2. Risk Tolerance is NOT the same as Risk Capacity.

Risk tolerance is the amount of risk that you are willing to take. It's a psychological-based sense of risk. Risk capacity is the risk that you're capable of taking.

If you're a trader at a hedge fund, or if you're a pension-fund portfolio manager, your risk capacity is the amount of exposure that you're allowed to have--that's the amount of capital that you have at your disposal to invest. Your risk tolerance is how much you're willing to invest, given the nature of the market environments today. So, you can have very strong risk tolerance. But the fact is, you can only invest the amount that you have available to invest. So capacity is your constraint, in that case. You might have a lot of capital, but if you're very concerned about the market, then your tolerance is the constraint. And you're going to have capital available that you're just not putting at risk.

3. To decompose and analyze risk, do NOT look at risk asset by asset.

People have started to realize that it's pretty hard to generate any sort of an alpha in the markets; it's hard to beat the market on a return basis. So, if you're going to try to manage your portfolio, the place you can have the greatest impact is in the risk dimension, rather than the return dimension.

The way to get people to understand the importance of risk is simply that--for them to know the limits of what's possible in trying to reach for yield and trying to beat the market. And the more they pull back from feeling that that's something that's possible, they now have to say, “How can I then improve my position by getting rid of risks that are unnecessary or that can be either diversified or hedged away?”

The best way to do it is to look at risk not on an asset-by-asset basis, and also not look at risk overall in the portfolio on an aggregate basis, but use what are called risk factors. Risk factors are really the building block of risk. So, it might be things like exposure to sectors; exposure to different styles; are you a high-cap versus low-cap? Are you in value versus growth? Exposure to countries? And then you can say, “Do I have exposure in various risk areas?” For example, “Am I unusually exposed to China?” Well, it may be that all of your stocks are U.S. stocks, but yet they may have a lot of exposure to China, which you didn't realize because they have a strong supply chain relationship with China.

To get a handle on risk, do not look at risk asset by asset. It's not pulling everything together and looking at the aggregated risk of your portfolio, where you have to assume, how are things related? How are they correlated? It's looking at risk, risk factor by risk factor and deciding, do I really want to have that much exposure to technology? Do I really want to have that much exposure, as I just mentioned, to China? Does it turn out that I am very highly biased in growth versus value?

4. Past risk is NOT indicative of future risk.

Almost every risk method that you see out there looks at what returns have done, how have they bounced up and down over the last one or two years. And if that's what risk has been like over last year or two, that's my best guess of what it'll look like in the future.

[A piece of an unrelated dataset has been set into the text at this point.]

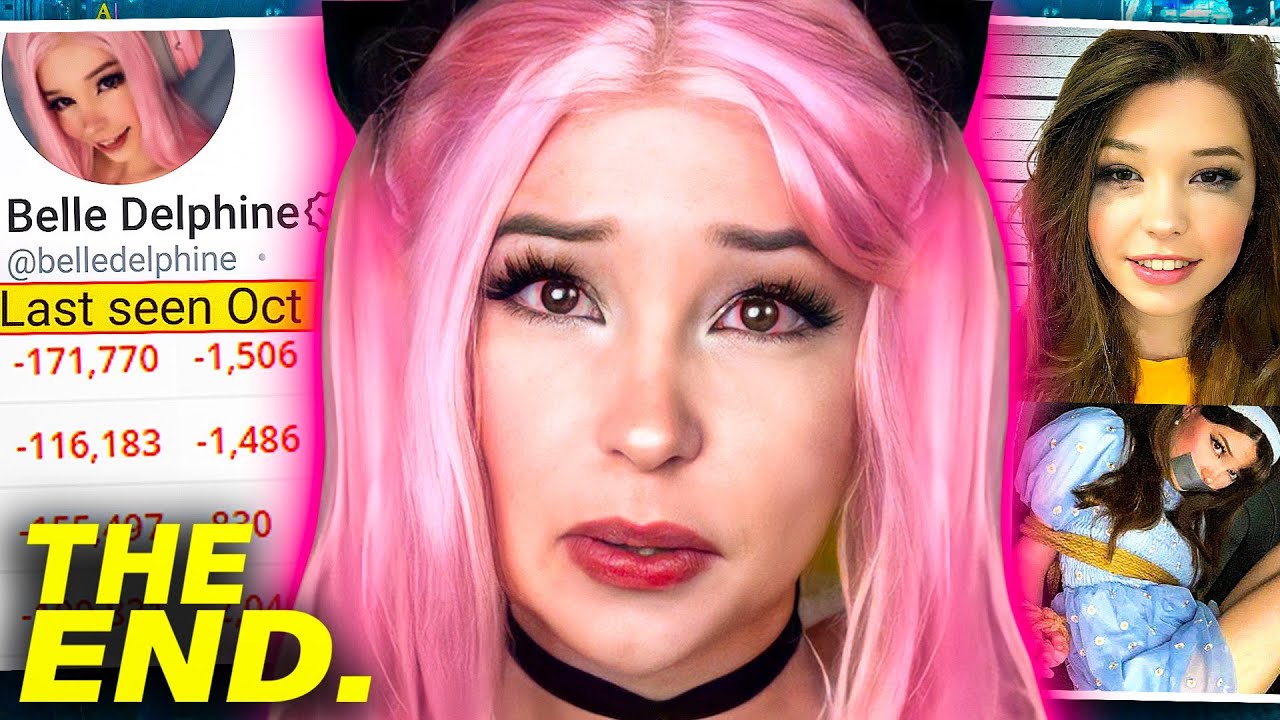 aidee marquez recommends new belle delphine porn pic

Past performance is not indicative of future returns. Past risk is not indicative of future risk. History has value. But if you don't look at the market as it stands today, you're ignoring the essential information that you need to have to get a good assessment of risk. For example, if there's more leverage in the market now than there was over the last few years; if people are more concentrated in particular areas of the market now than they were in the past; if credit conditions are tightening--those things all are going to point to risk going forward, being higher than it has been in the past. So, I think you can use history, but you have to condition it on what's the market like right now versus what it's been like historically.